I want to compute and count all trigrams of a string in SQL Server.
For example if the string is hello
I want the following output:
Trigram Count ------- ----- hel 1 ell 1 llo 1 lo- 1
I want to compute and count all trigrams of a string in SQL Server.
For example if the string is hello
I want the following output:
Trigram Count ------- ----- hel 1 ell 1 llo 1 lo- 1
I still don't know what an n-gram is but based on Ed's answer is this what you need?
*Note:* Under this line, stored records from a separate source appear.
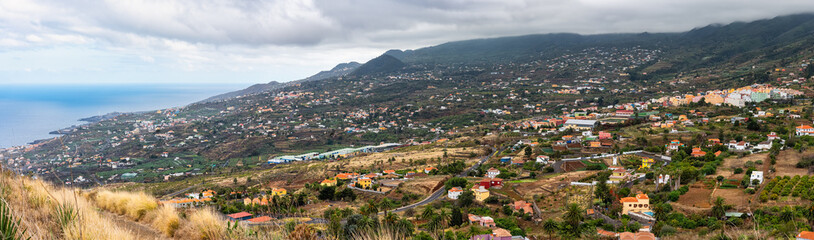 Panoramic view of the houses and villages of the island of La Palma at the foot of the volcanic mountains, Canary Islands.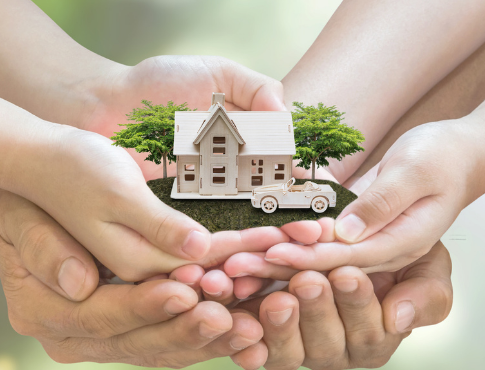 Hands holding a home with car parked outside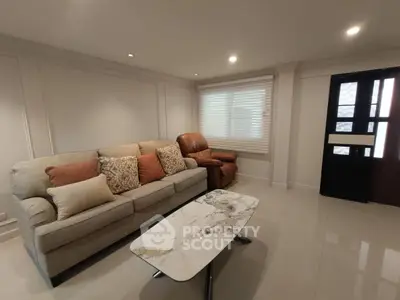 Elegant living room with cozy sofa and modern marble coffee table, perfect for relaxation and entertaining.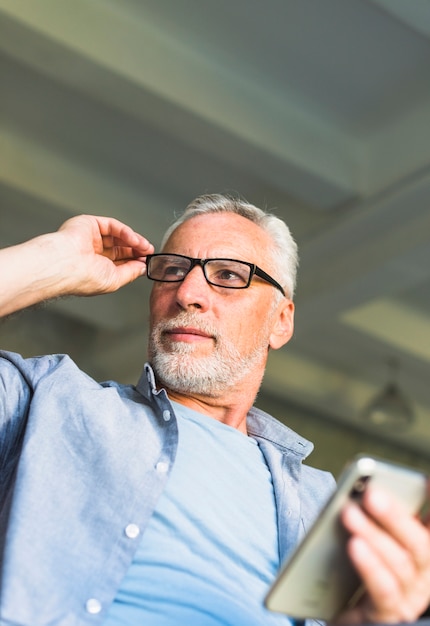 Senior homme avec la main sur les lunettes, tenant le téléphone portable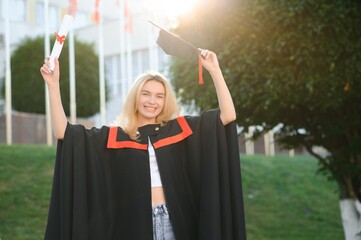 Portrait enthusiastic female college student graduate in cap and gown celebrating, holding diploma.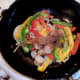 Chopped sausages and five spice are added to the wok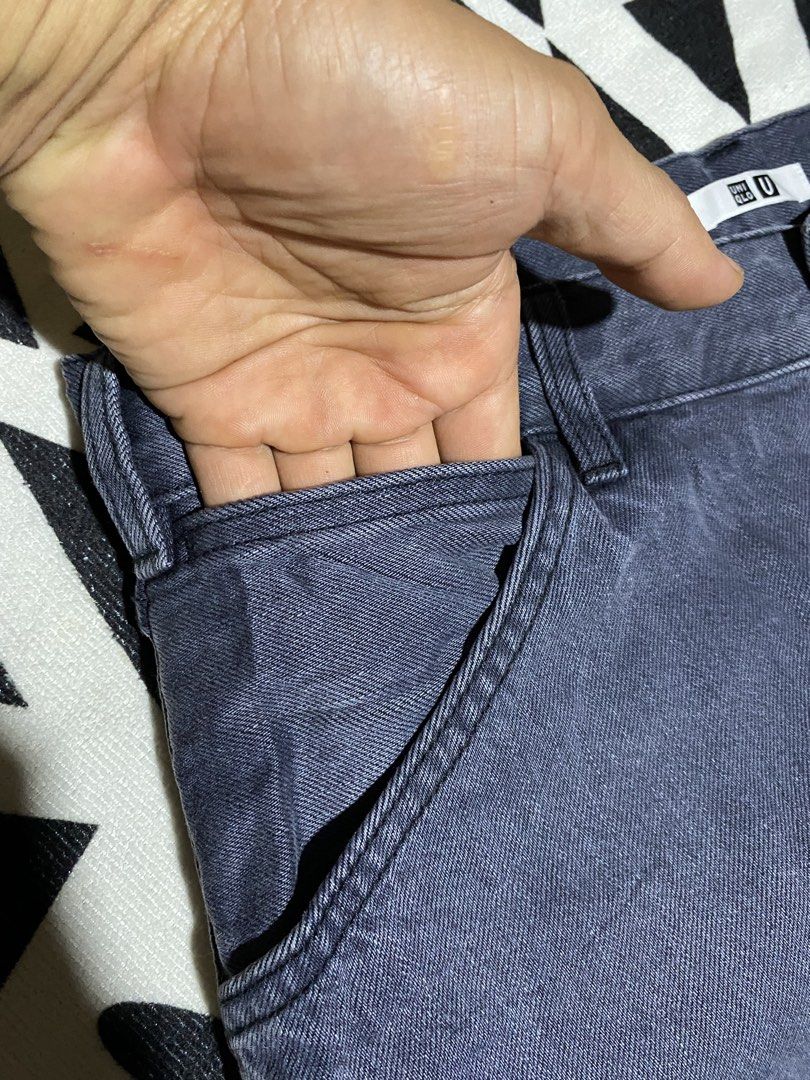 Uniqlo U Wide Fit Work Pants (Category: Trousers) located in Badiangan. Submitted by iralorana.thrift (Listing ID 1463022201, Image 3). Description: - Uniqlo U Wide Fit Work Pants - Color: Dark Grey/Navy - Silhouette: Relaxed, baggy, wide fit - Style: Classic workwear - Features: Durable stitching, 2 front pockets, 2 back pockets - Closure: Button and zip - Ideal for: Everyday wear.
declare @string varchar(max) = 'hello'
declare @n int = 3
set @string = @string + REPLICATE('-',@n - (len(@string) % @n))
;with n as
(
SELECT 1 AS i
UNION ALL
SELECT i+1
FROM n
WHERE i <= (LEN(@string)-@n)
)
select SUBSTRING(@string, i, @n), COUNT(*)
from n
group by SUBSTRING(@string, i, @n)
option (maxrecursion 0)
Based on Martin Smith's answer - added logic to pad the string out with -
to a number of characters divisible by 3
declare @string varchar(max) = 'hello'
SET @string = (SELECT CASE LEN(@string) % 3
WHEN 1 THEN @string + '--'
WHEN 2 THEN @string + '-'
ELSE @string
END )
;with n as
(
SELECT 1 AS i
UNION ALL
SELECT i+1
FROM n
WHERE i < (LEN(@string)-2)
)
select SUBSTRING(@string, i, 3) AS Trigram, COUNT(*) AS Count
from n
group by SUBSTRING(@string, i, 3)
option (maxrecursion 0)
Borrowing from Ed and Martin, I think this is a correct implementation:
declare @string varchar(max) = 'here kitty kitty'
SET @string = replace(@string, ' ', '-') --Wikipedia says this should be underscore, not dash
;with n as
(
SELECT 1 AS i
UNION ALL
SELECT i + 1
FROM n
WHERE i < (LEN(@string)-2)
)
select SUBSTRING(@string, i, 3) AS Trigram, COUNT(*) AS Count
from n
group by SUBSTRING(@string, i, 3)
option (maxrecursion 0)